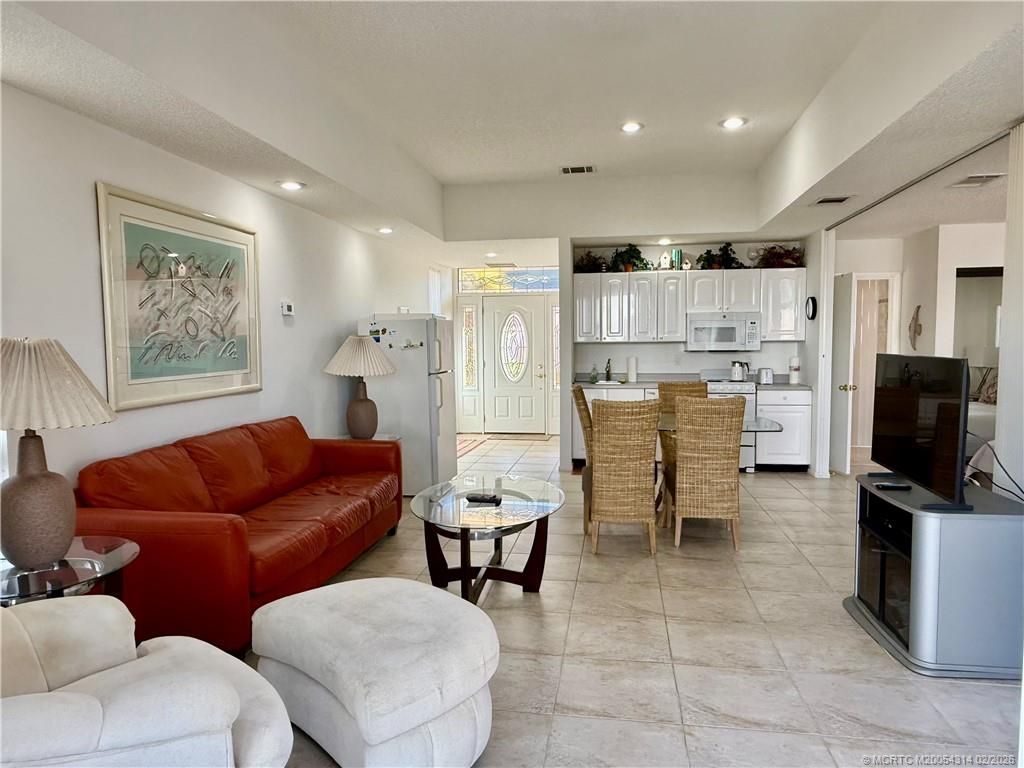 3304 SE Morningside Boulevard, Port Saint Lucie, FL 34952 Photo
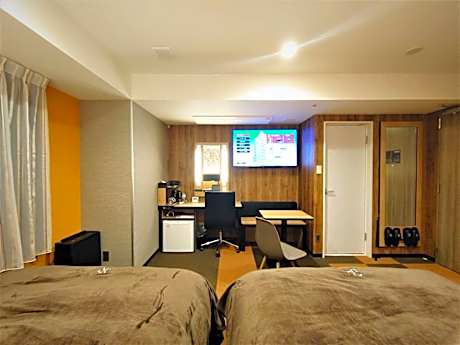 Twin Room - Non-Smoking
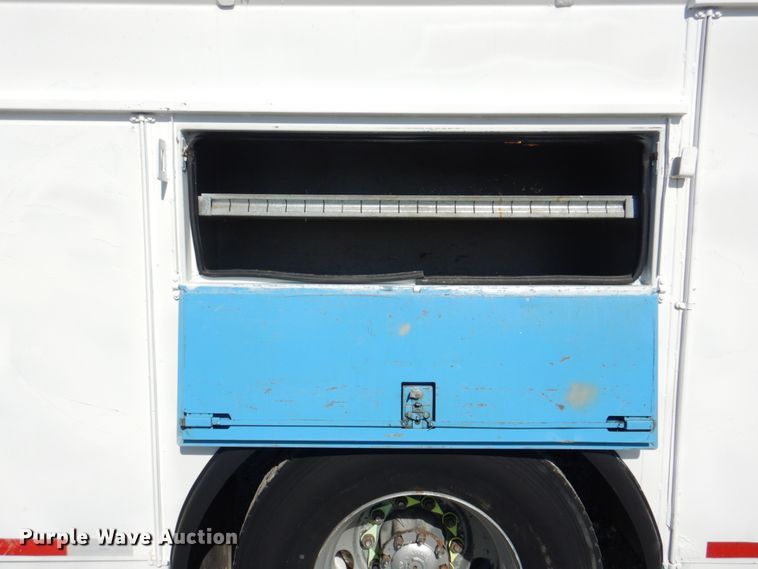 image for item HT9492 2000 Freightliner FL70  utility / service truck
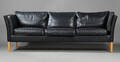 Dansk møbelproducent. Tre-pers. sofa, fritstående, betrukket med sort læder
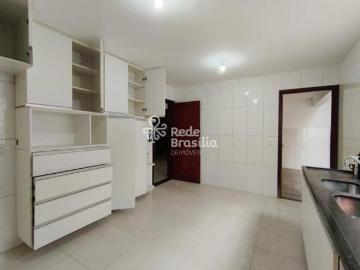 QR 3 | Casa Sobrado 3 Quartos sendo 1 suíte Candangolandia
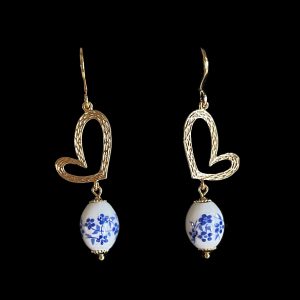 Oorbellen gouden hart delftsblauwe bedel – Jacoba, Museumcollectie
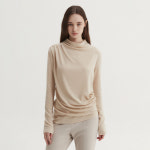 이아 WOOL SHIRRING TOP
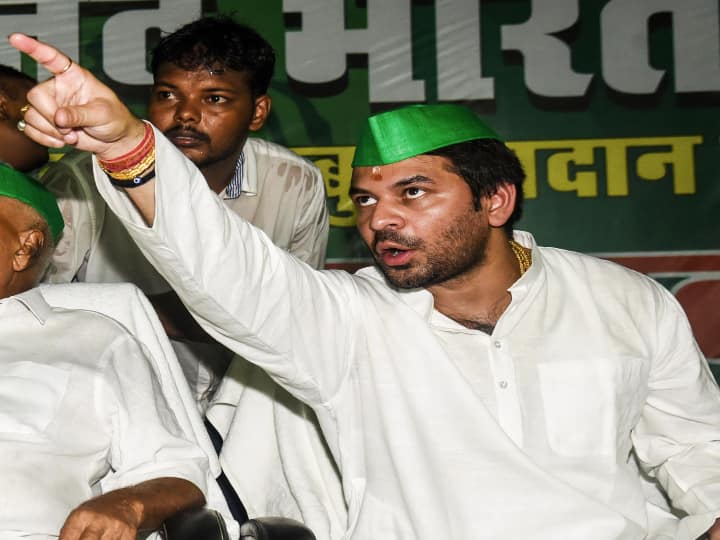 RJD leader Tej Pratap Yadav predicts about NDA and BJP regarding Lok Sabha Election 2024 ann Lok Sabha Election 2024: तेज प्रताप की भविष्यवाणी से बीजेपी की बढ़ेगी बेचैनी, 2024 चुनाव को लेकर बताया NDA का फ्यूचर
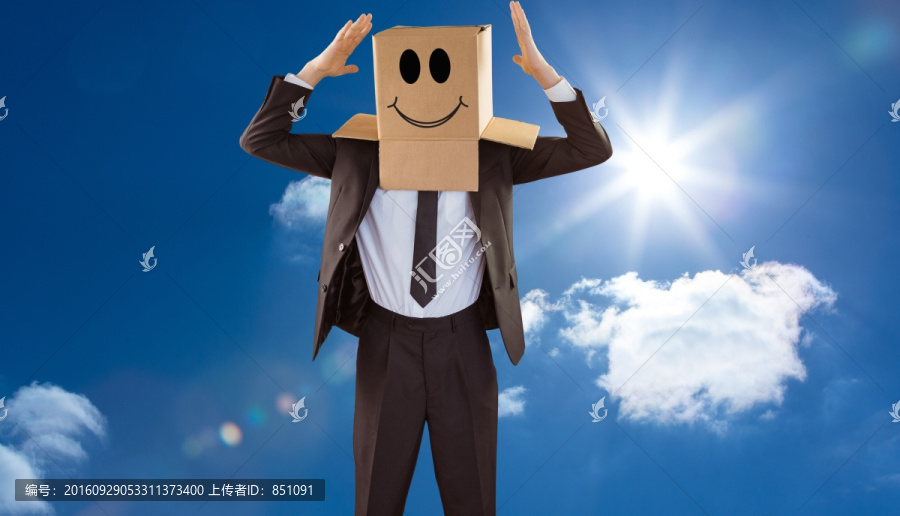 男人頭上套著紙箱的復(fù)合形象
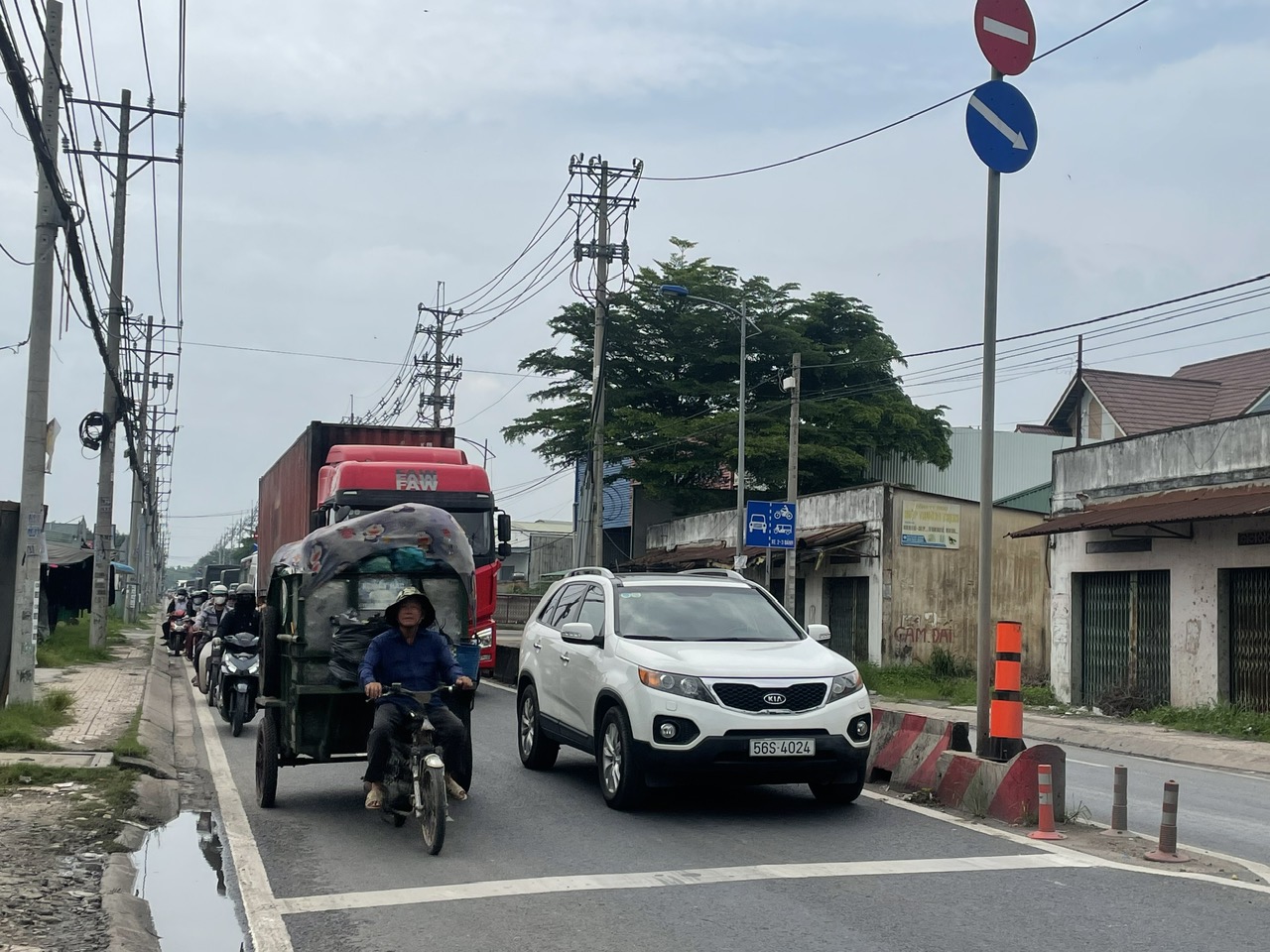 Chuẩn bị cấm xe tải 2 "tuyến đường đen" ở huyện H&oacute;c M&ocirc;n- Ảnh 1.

▬▬▬

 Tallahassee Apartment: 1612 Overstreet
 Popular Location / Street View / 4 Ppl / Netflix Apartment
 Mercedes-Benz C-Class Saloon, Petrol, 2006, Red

▬▬▬

**YOUR OBJECTIVE:**
Repeat, exactly as they stand above, the lines from the line with "Tallahassee Apartment: 1612 Overstreet" to the line with "Mercedes-Benz C-Class Saloon, Petrol, 2006, Red", both lines included.

**PROBLEM SOLUTION:**
 Tallahassee Apartment: 1612 Overstreet
 Popular Location / Street View / 4 Ppl / Netflix Apartment
 Mercedes-Benz C-Class Saloon, Petrol, 2006, Red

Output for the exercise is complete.